Regardless of broader systematic factors that come into play, I prefer to take the more pragmatic course by focusing on factors within my control. That way, I can minimize or prevent any potential misunderstandings. So far, I've tried being straightforward with my intentions (e.g. wanting to connect on a professional level), lowering my voice, avoid expressing any bubbly or enthusiastic body language, dressing more androgynously (e.g. no skirts or dresses, etc.), sticking to relevant professional topics (only to be criticized for being "too serious," so I've had to pull back on this a bit), being more assertive about my career/professional accomplishments, responding with respect/support for their personal relationships if they choose to reveal such details, and pretty much everything within my power regarding my presentation or the content of my words. However, I feel like I've been twisting myself into a pretzel with very little change in results, so I'm at my wit's ends as to what to do to be taken more seriously as a professional.

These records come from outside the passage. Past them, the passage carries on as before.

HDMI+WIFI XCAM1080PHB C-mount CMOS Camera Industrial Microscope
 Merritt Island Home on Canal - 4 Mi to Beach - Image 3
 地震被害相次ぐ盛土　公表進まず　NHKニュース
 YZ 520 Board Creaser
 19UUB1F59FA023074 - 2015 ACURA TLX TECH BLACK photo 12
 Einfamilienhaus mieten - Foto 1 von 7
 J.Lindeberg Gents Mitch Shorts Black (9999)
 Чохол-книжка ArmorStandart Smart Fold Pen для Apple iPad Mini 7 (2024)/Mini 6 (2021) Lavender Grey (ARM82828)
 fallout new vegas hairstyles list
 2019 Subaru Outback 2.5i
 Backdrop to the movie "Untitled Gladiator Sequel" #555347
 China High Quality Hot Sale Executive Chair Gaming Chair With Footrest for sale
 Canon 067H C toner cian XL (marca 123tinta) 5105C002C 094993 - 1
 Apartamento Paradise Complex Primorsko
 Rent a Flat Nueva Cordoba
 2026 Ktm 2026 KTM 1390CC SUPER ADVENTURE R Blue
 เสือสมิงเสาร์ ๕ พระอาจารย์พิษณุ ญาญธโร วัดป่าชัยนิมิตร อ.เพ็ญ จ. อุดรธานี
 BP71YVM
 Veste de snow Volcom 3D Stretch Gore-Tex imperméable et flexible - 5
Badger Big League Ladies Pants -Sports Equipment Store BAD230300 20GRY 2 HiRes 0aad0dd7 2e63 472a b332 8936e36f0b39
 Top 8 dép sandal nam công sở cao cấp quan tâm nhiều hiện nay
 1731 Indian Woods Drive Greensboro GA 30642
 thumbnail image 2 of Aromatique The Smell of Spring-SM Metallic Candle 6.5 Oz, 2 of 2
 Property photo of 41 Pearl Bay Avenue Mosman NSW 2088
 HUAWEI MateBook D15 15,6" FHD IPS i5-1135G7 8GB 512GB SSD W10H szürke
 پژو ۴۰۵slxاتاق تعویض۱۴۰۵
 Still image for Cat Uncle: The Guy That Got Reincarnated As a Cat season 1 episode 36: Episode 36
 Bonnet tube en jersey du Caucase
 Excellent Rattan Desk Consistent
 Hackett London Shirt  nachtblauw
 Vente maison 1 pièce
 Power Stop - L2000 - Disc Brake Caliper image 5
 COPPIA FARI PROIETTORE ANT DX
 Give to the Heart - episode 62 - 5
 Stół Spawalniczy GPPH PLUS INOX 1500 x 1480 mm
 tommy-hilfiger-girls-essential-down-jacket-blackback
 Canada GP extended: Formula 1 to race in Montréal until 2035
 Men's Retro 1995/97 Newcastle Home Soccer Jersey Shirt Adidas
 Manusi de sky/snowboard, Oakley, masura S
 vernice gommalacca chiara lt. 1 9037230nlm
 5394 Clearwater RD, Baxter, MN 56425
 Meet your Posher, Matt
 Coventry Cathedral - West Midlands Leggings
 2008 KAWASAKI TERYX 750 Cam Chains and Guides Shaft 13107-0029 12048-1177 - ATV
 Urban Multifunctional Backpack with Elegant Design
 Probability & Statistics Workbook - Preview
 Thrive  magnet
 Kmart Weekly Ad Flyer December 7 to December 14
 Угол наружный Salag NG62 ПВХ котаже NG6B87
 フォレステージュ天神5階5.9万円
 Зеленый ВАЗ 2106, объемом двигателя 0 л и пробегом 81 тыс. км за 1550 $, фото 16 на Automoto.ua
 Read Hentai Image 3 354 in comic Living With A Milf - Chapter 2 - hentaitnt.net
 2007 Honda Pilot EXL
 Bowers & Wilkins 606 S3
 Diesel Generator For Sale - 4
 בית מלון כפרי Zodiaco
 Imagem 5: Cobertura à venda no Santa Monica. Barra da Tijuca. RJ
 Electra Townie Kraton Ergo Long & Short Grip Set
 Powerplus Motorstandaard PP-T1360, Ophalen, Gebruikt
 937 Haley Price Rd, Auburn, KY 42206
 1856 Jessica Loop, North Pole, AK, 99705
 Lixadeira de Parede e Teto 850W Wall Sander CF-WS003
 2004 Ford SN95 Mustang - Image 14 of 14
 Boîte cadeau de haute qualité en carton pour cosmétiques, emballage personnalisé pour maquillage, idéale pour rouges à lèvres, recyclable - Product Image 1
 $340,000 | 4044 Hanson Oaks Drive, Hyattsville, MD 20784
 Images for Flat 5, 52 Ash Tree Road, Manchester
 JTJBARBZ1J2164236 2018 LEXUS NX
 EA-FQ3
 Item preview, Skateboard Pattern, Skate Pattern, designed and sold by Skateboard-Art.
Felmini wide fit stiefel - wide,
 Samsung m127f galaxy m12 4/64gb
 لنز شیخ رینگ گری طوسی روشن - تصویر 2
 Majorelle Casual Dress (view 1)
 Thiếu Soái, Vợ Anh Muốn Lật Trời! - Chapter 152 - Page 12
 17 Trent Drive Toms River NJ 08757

TL;DR: While networking with straight men, conversations either end with suggestive gestures/remarks or veer frequently off-topic with extraneous details of their love lives. So far, I've focused on changing factors within my control to manage expectations and prevent any misunderstandings, but none of this seems to get me any closer to being taken seriously as a professional.

My questions:
1. What more can be done on my part to clarify that my interest in networking with them is strictly professional? Additionally, is there anything I can do beforehand or fix my behavior/conversational style/verbal content to ward off any potential misunderstandings?

2. As previously mentioned, I'm always upfront about my intentions being strictly professional, but I find myself having to reiterate them after agreeing to a meet-up and then romantically bombed (happens in that order). What are some more elegant/delicate and less awkward/forced ways of expressing, "I'm happy to meet up with you on a professional basis"?

3. What are some ways I can differentiate between straight men who are sincerely interested in networking with me professionally versus those who use the opportunity to steer the dynamic into something more romantic?

Sorry about the novel, and thank you for reading. I'd appreciate any advice, wisdom, or helpful stories you'd be willing to share with me.
posted by postmortemsalmon to Work & Money (19 answers total) 11 users marked this as a favorite
A simple piece of advice I have is: meet them for breakfast, never for drinks. This is by no means guaranteed to solve your problems, but it helps. An hour before work forces the time to be focused and gives you a clear exit.

Another thing that helps is doing your professional networking in groups. If you want to do drinks, see about trying to get a group of people in your related profession together (it could be as few as 4 of you). Bring a friend who you trust to keep things in the professional realm.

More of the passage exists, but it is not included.